What is needed - All pictures are to be omitted while the lines starting at the line with "still plays with" and ending at the line with "Mayor of Black" in the material below are retyped exactly, both ends included.

Available data -
== Segment start ==

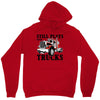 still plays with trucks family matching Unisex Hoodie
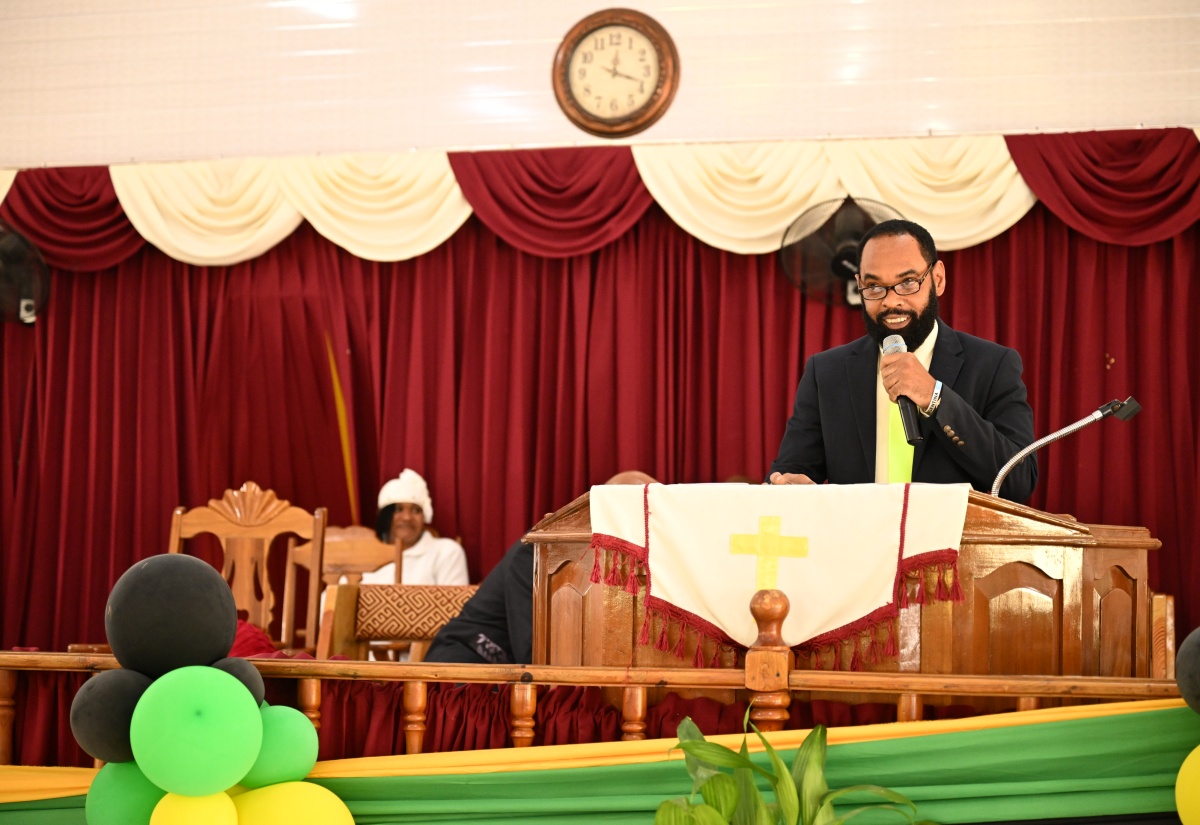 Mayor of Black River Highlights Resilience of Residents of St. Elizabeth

== Segment end ==
== Segment start ==

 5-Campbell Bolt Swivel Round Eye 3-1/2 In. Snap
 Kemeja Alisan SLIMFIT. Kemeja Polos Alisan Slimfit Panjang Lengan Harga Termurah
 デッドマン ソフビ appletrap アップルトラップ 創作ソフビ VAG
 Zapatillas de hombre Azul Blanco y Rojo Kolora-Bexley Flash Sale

== Segment end ==

Output below -
 still plays with trucks family matching Unisex Hoodie
 Mayor of Black River Highlights Resilience of Residents of St. Elizabeth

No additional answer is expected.